In all seriousness, the 'collapse' which is coming, and I do believe it is, will seriously destroy China the most.  In my thoughts, bring it on and get it over with.  the EU and US will rebuild quickly and, this time and hopefully, correctly.  China can go eat a bag of shit as far as I'm concerned.

Of course, there might be some more flaming pelican sightings off the coast of L.A. but this is unavoidable now.

I'd rather take the hit now and live a life of shit than let my kid end up some sort of serf to the Chinese.

meatball's picture

Keep dreaming.

If everyone falls, who has more to lose? People in the west.

Chinese who lose their 50 cents an hour job making iphones will just go back to farming.

Boilermaker's picture

You're just flat wrong and, I suspect, have never actually been to China.  That place will absolutely implode if we just simply stop buying their shit (including iphones, etc).

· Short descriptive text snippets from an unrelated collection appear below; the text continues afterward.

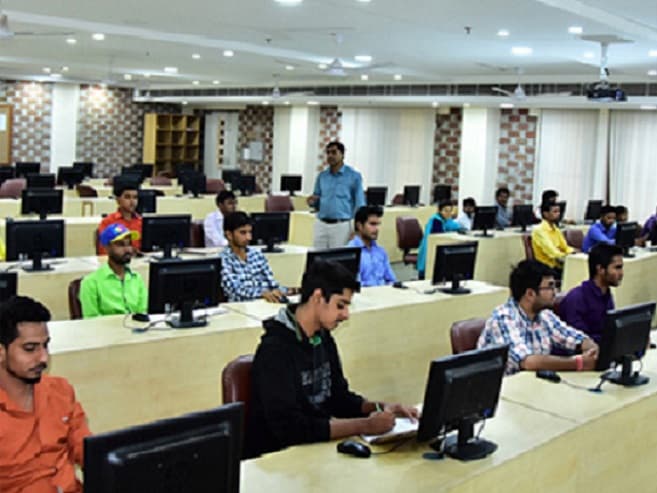 Image from Lab, Library & academic facilities album, number 1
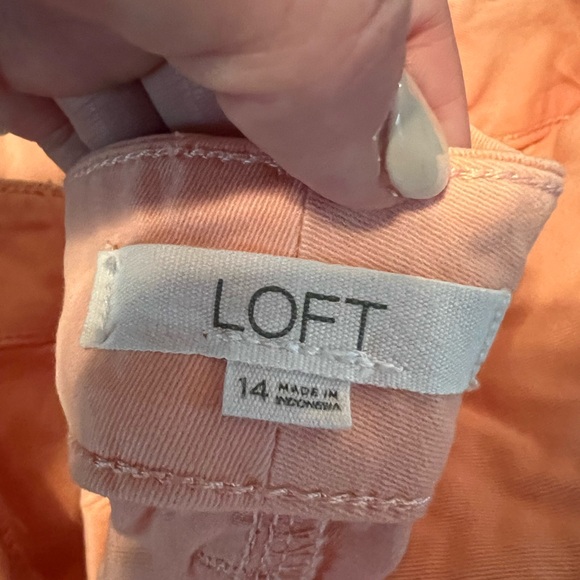 Loft peach colored crop work pants - Picture 2 of 3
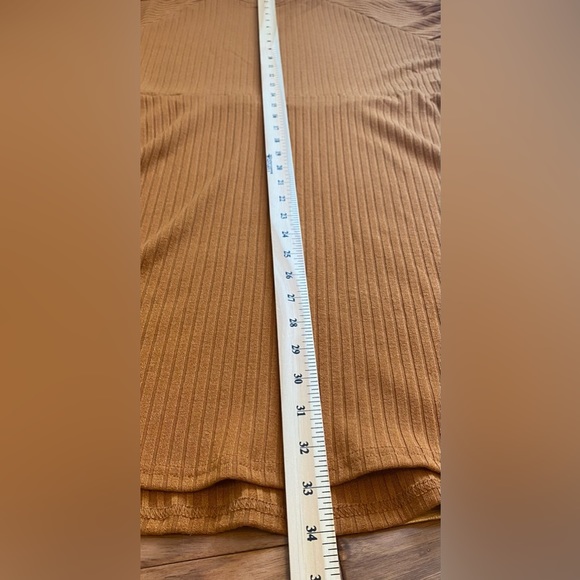 Boutique Sweater Dress NWOT - Picture 4 of 7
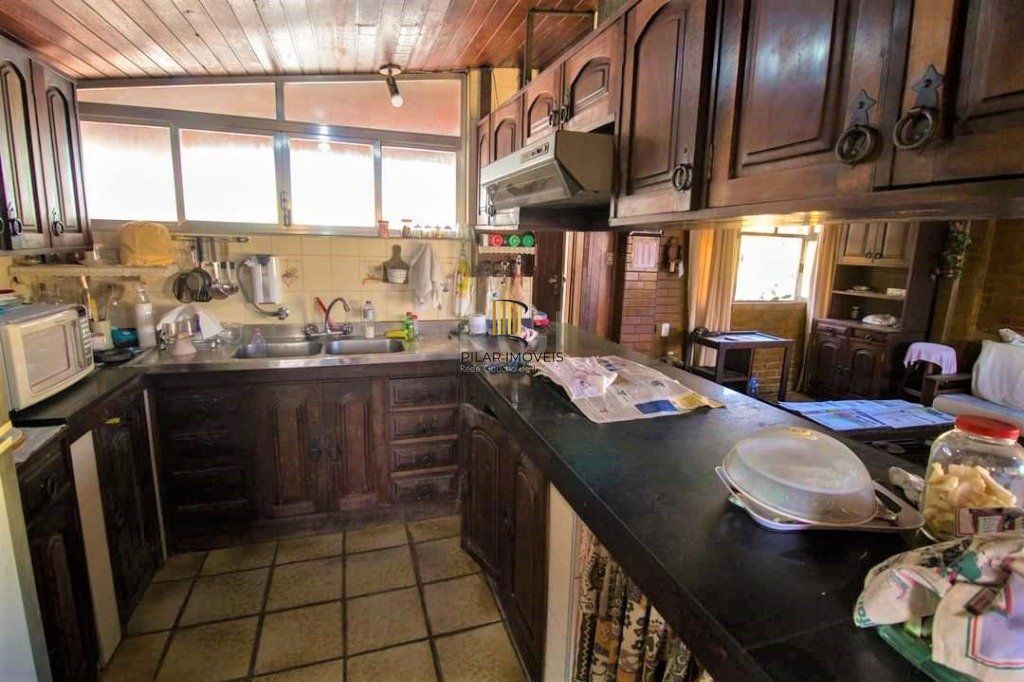 Casa para Venda - 287m², 3 dormitórios, sendo 2 suites, 4 vagas - Nonoai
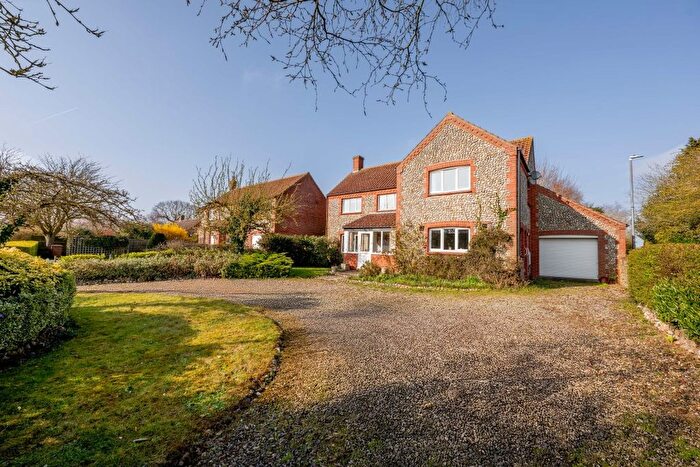 4 Bedroom Detached House For Sale In St. Marys Lane, Langham, Holt, NR25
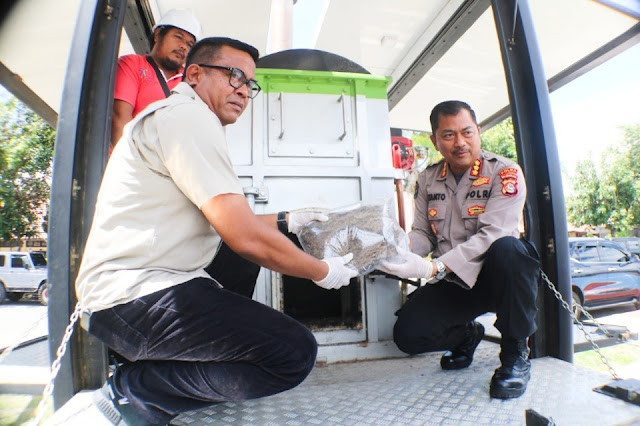 Polda NTB musnahkan ribuan gram ganja dan belasan sabu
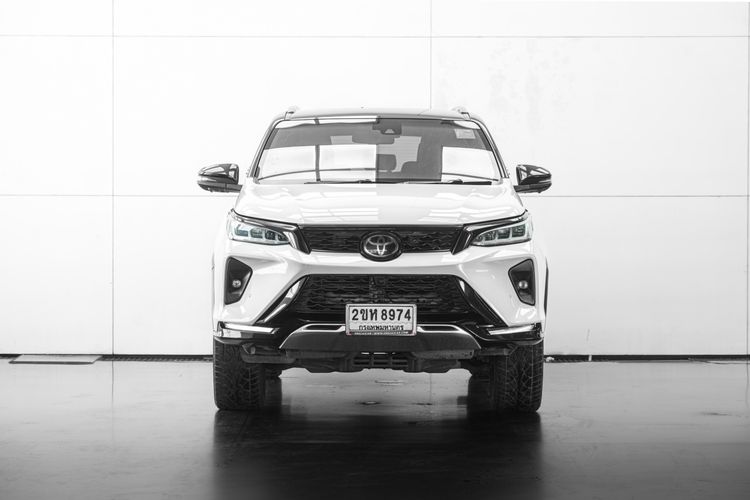 Toyota Fortuner 2023 2.8 Legender Black Top Utility-car ดีเซล ไม่ติดแก๊ส เกียร์อัตโนมัติ ขาว รูปที่ 3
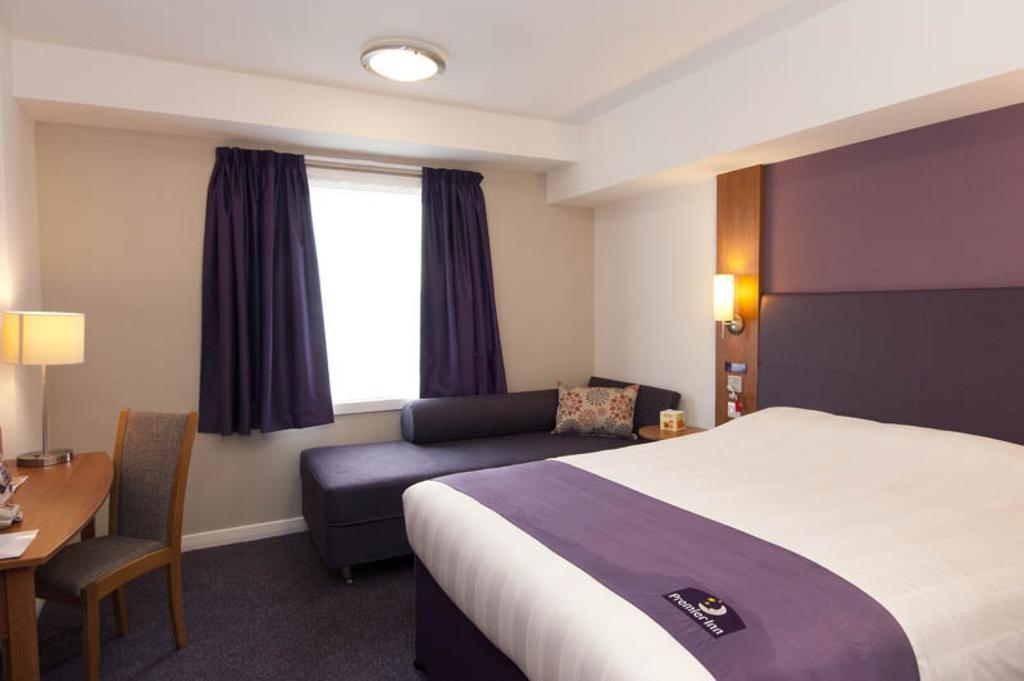 Premier Inn Sittingbourne Kent Extérieur photo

The EU and US will struggle, for sure.  But, you can't strip us of what we already have.  China will go back to the stone age.

This is overdue.

Smiddywesson's picture

Agreed China would implode if we raised trade barriers.  It is only continued prosperity, or the hope of continued prosperity, thatt has led the public to buy into the Century of China pipe dream.  One billion single guys discovering they will never find a wife leads to all sorts of ethnic, religious, you name it violence.

They didn't toss out Google for nothing.  They are scared to death of the public.

Zero Hedging's picture

If the US (when) does down, it will be a global event.  No one is immune....

Boilermaker's picture

Well, that's going to happen.  Now place your chips on who you think emerges from the dust.  China is a fucking joke compared to the EU and US.

DosZap's picture

Zero Hedging

Agree, the only countries that would not be in serious trouble, are the undeveloped, and underdeveloped.

That's one reason for the Expat Brigades running up prop values in places NO one ere would wanted to have lived 10yrs ago.

Temporalist's picture

Yes DZ the people that will suffer the least are those that are already used to suffering.  There is nowhere to go but up when you are already at bottom.

Boilermaker's picture

That's great logic.  I never thought of it that way.  It's like the people with cancer are the least afraid of chemotherapy.  Or those that are the least educated about how bad their lives have the best percieved quality of life.

That's some deep zen buddah shit there.

toady's picture

The problem is that China, and India, had a taste of ipads, indoor plumbing, and cars for the last decade pr two. Add that to their HUGE populations, and I don't see a good outcome.

Hell, China is having problems controlling their population now, with dissidents and riots already the norm. Now imagine post-collapse.

Sure, some outlying natives may never know the difference, but a billion screaming Chinamen, or Indians, in the cities will be hard to handle.